**About this exercise:** Copy only what lies from the line containing "Christian Dior Patent" through the line containing "Duimpje omhoog voor" in the entries below, keeping both end lines exact and dropping every picture.

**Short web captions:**
____________________

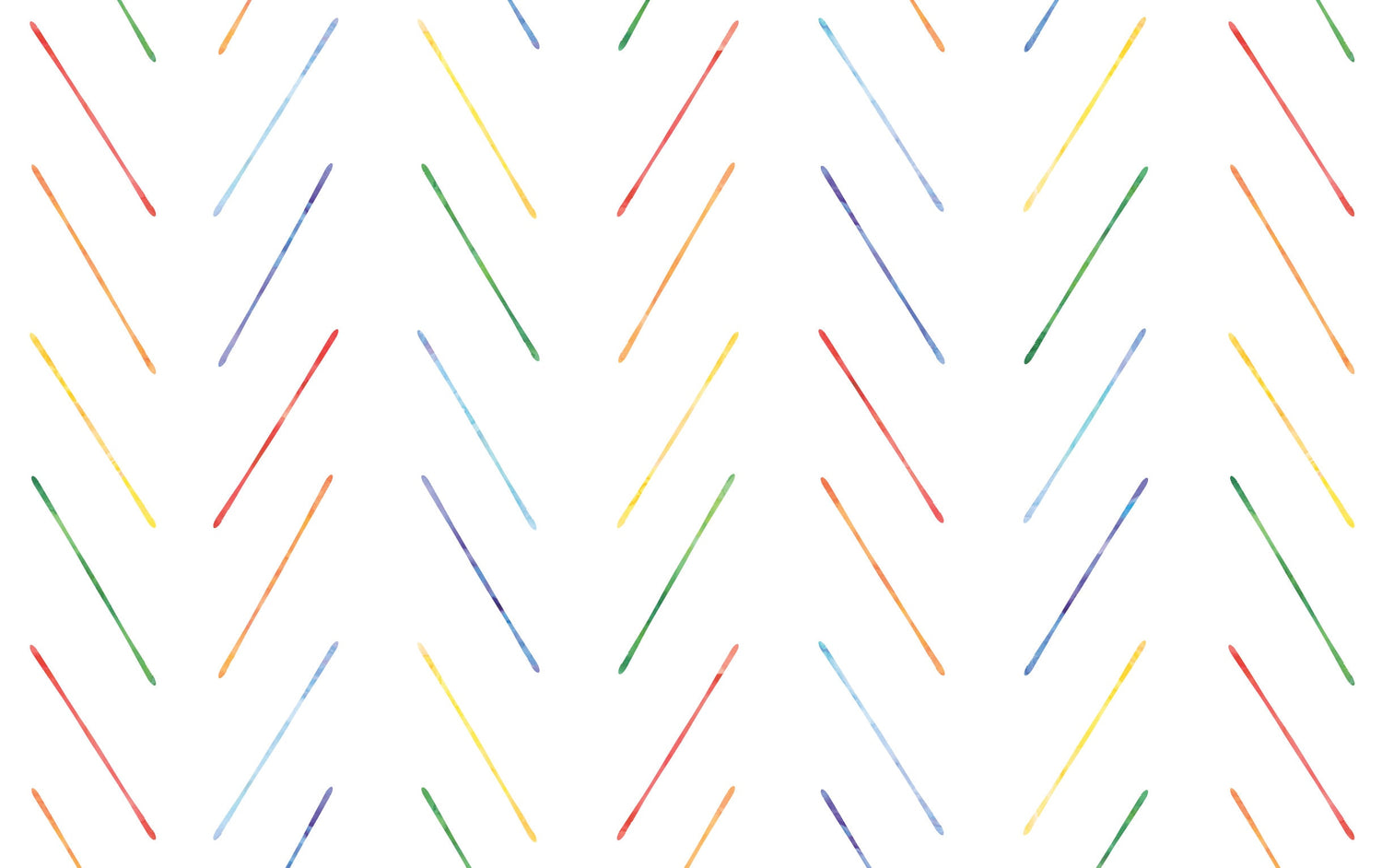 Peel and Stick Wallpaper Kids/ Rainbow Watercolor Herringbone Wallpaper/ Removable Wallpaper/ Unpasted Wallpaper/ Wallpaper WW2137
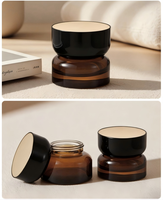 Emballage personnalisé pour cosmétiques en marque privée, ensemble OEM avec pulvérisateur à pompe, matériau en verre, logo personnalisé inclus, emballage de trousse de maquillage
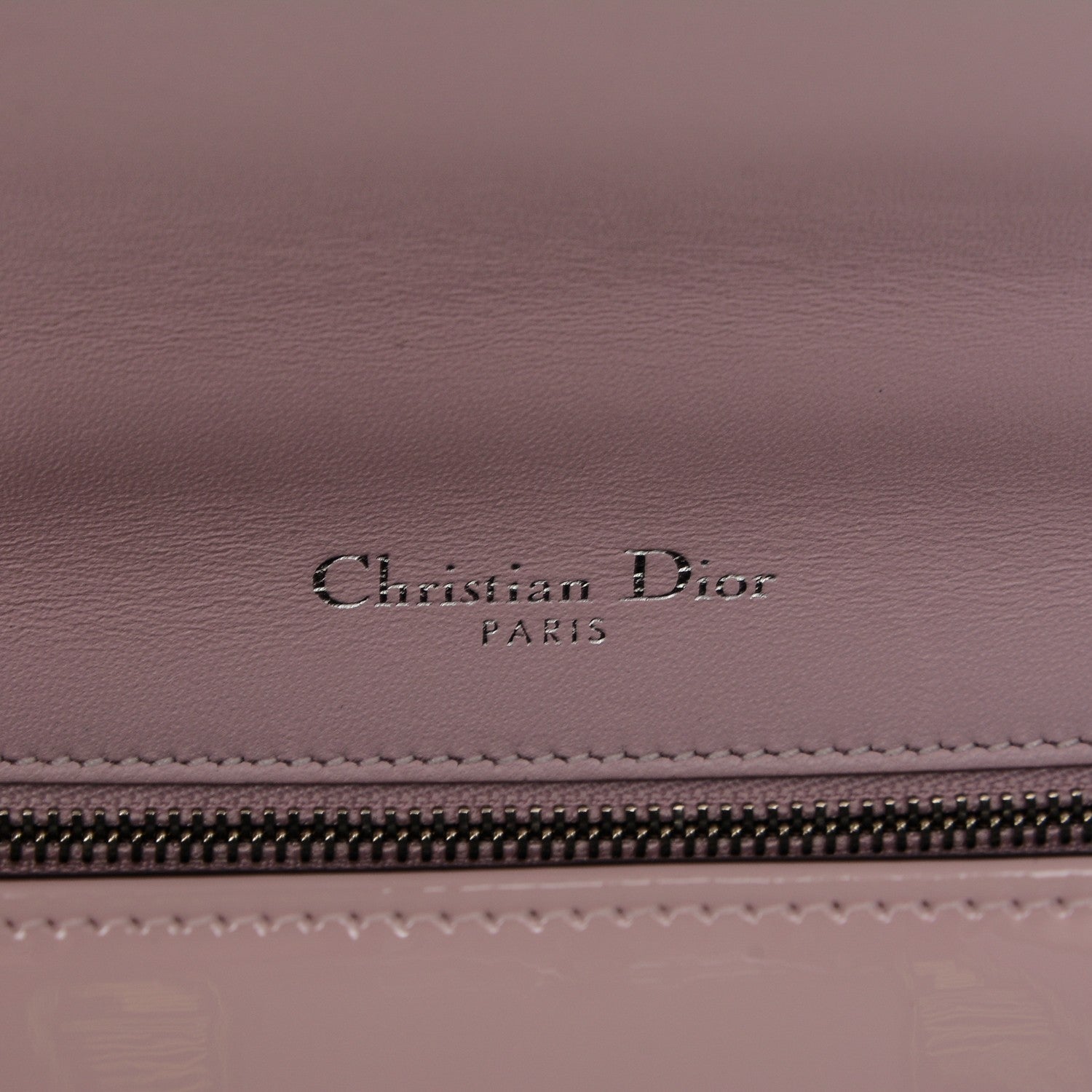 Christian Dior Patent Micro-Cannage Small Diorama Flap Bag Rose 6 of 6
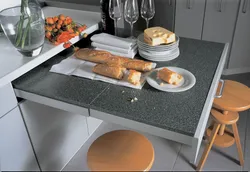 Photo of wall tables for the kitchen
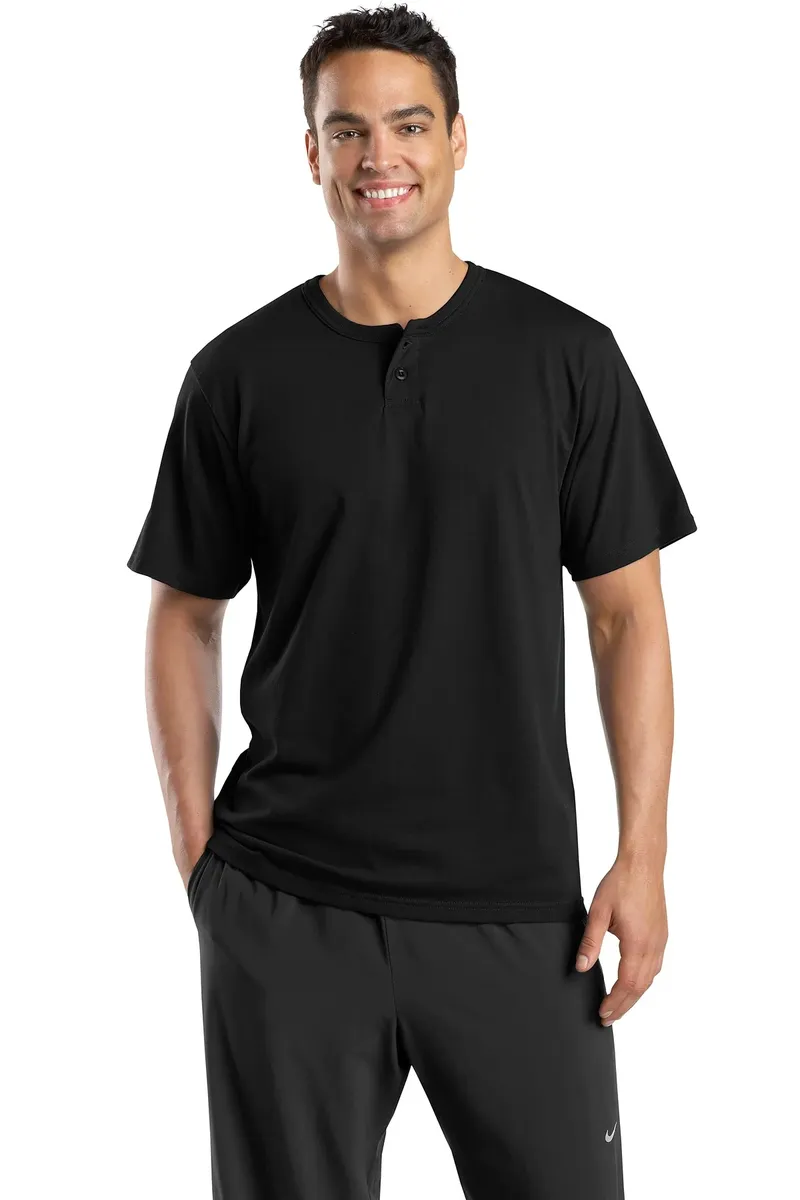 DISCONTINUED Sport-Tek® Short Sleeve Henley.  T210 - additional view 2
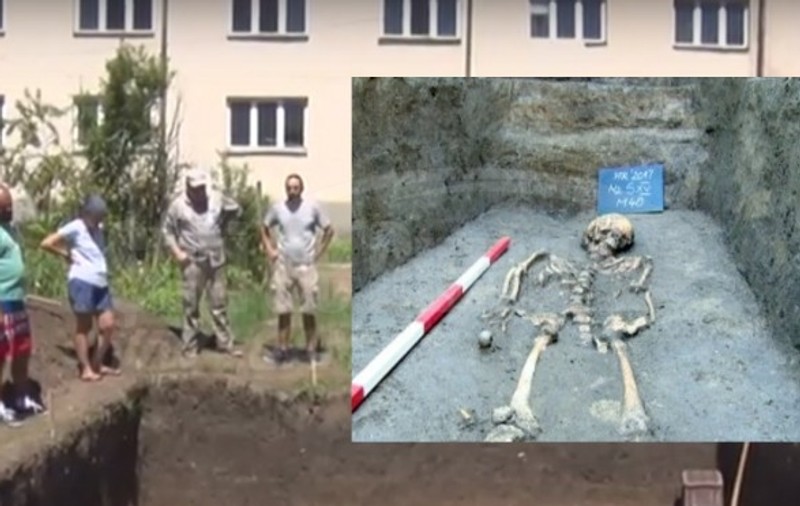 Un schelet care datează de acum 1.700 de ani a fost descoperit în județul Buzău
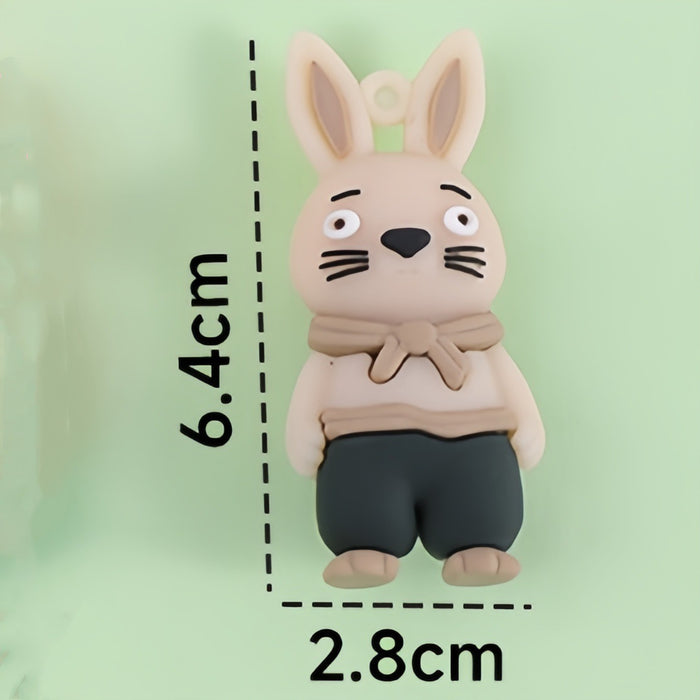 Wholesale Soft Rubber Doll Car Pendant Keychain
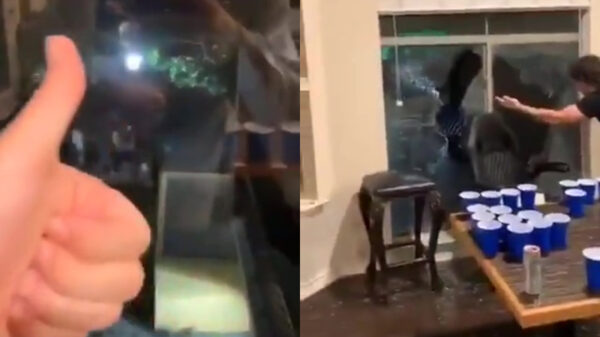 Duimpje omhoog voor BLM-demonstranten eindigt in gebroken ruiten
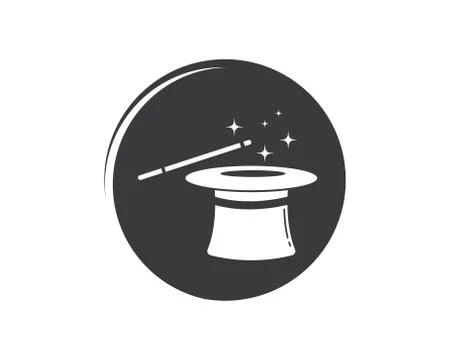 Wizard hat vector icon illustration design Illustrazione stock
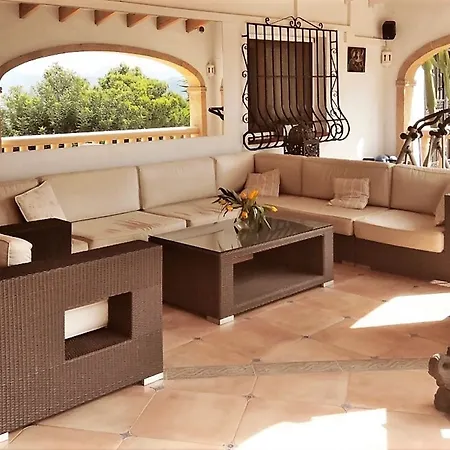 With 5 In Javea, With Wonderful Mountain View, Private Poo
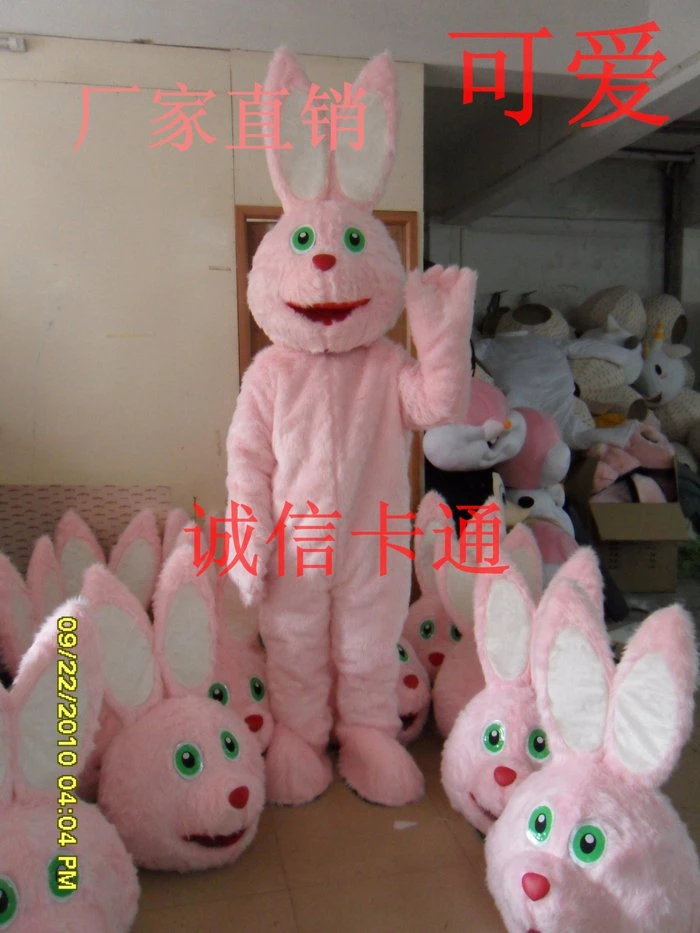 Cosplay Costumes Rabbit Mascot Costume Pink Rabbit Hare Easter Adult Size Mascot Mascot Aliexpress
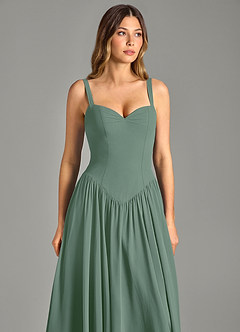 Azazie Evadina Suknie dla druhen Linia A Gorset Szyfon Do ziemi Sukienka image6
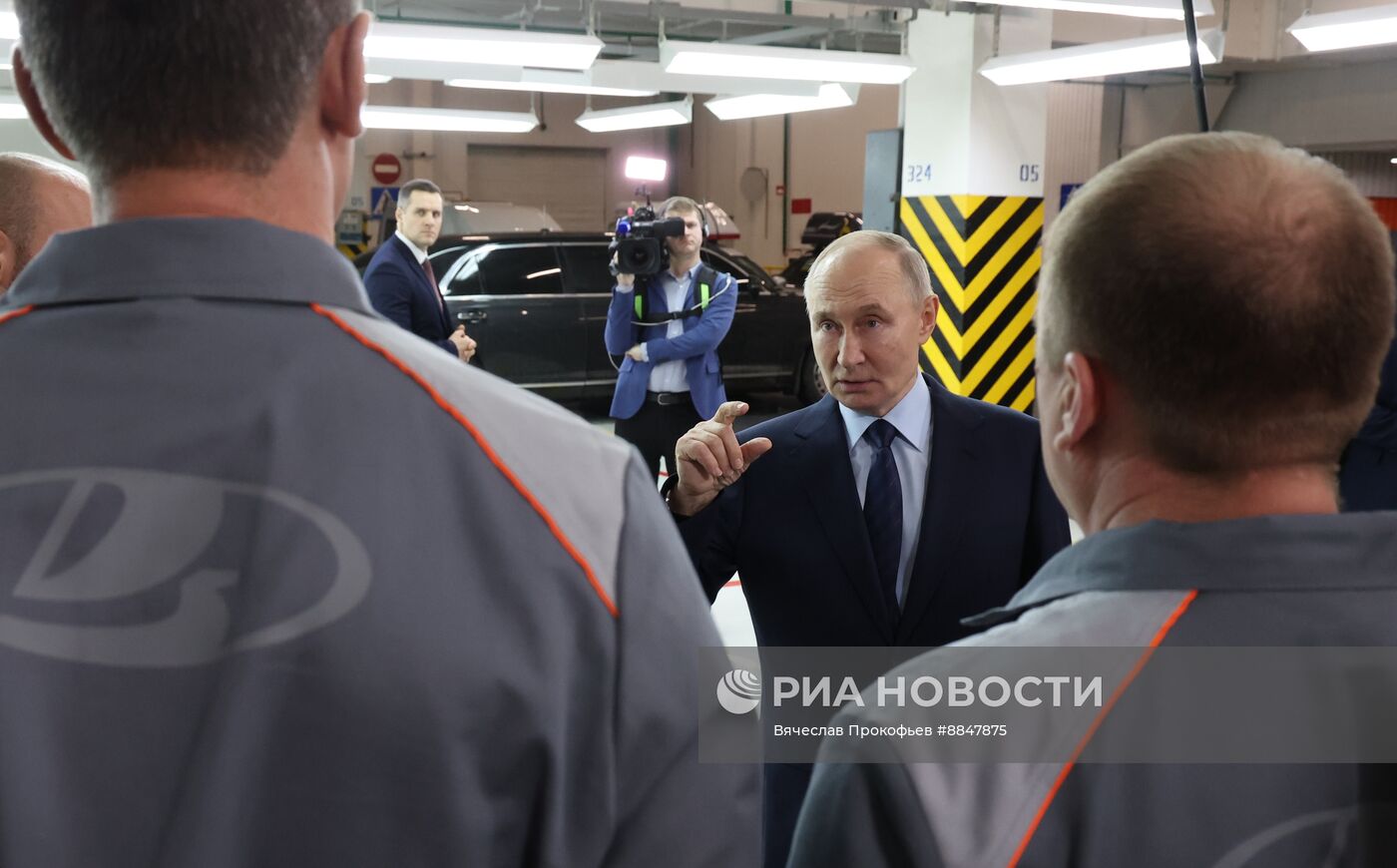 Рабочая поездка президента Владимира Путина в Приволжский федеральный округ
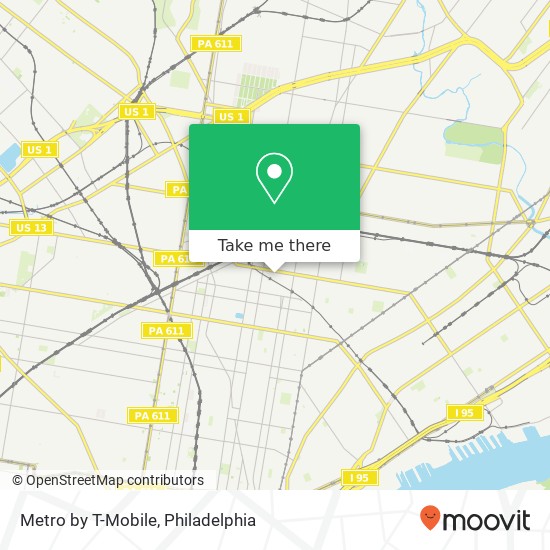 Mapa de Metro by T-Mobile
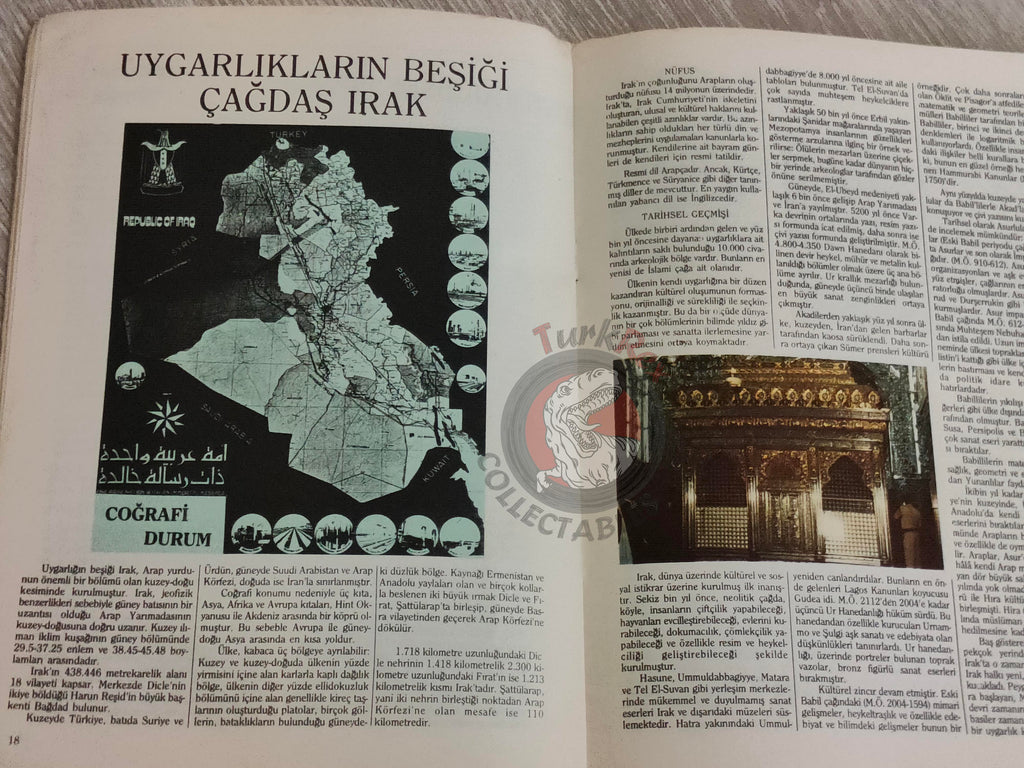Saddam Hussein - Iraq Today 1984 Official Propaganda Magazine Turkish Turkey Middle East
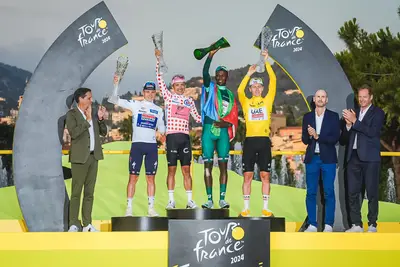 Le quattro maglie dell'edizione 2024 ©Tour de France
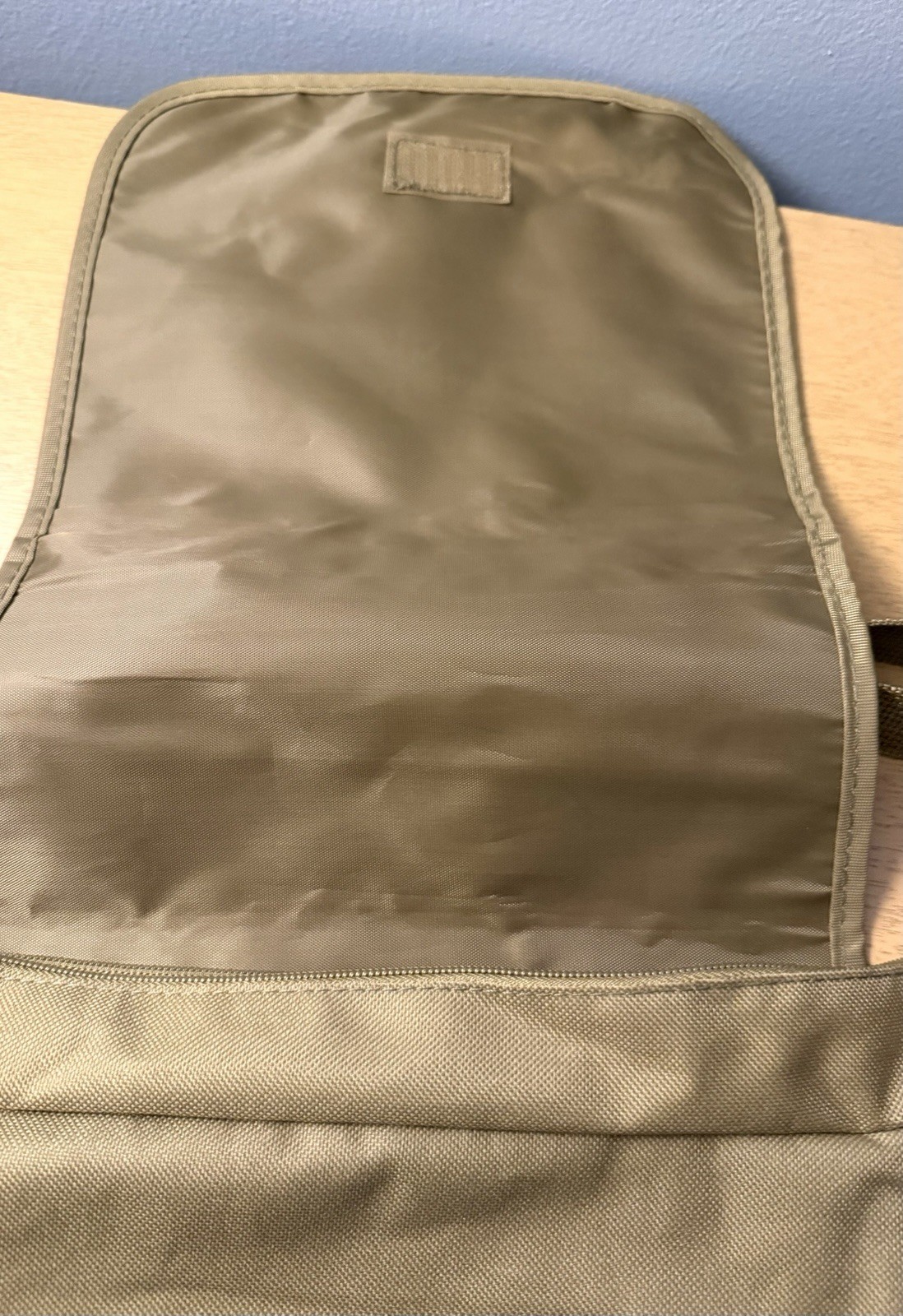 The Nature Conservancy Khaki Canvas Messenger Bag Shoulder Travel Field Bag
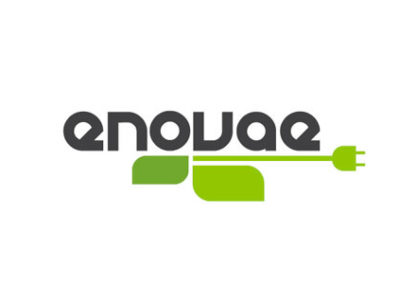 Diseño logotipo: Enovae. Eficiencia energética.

____________________

**Exercise solution:**
 Christian Dior Patent Micro-Cannage Small Diorama Flap Bag Rose 6 of 6
 Photo of wall tables for the kitchen
 DISCONTINUED Sport-Tek® Short Sleeve Henley.  T210 - additional view 2
 Un schelet care datează de acum 1.700 de ani a fost descoperit în județul Buzău
 Wholesale Soft Rubber Doll Car Pendant Keychain
 Duimpje omhoog voor BLM-demonstranten eindigt in gebroken ruiten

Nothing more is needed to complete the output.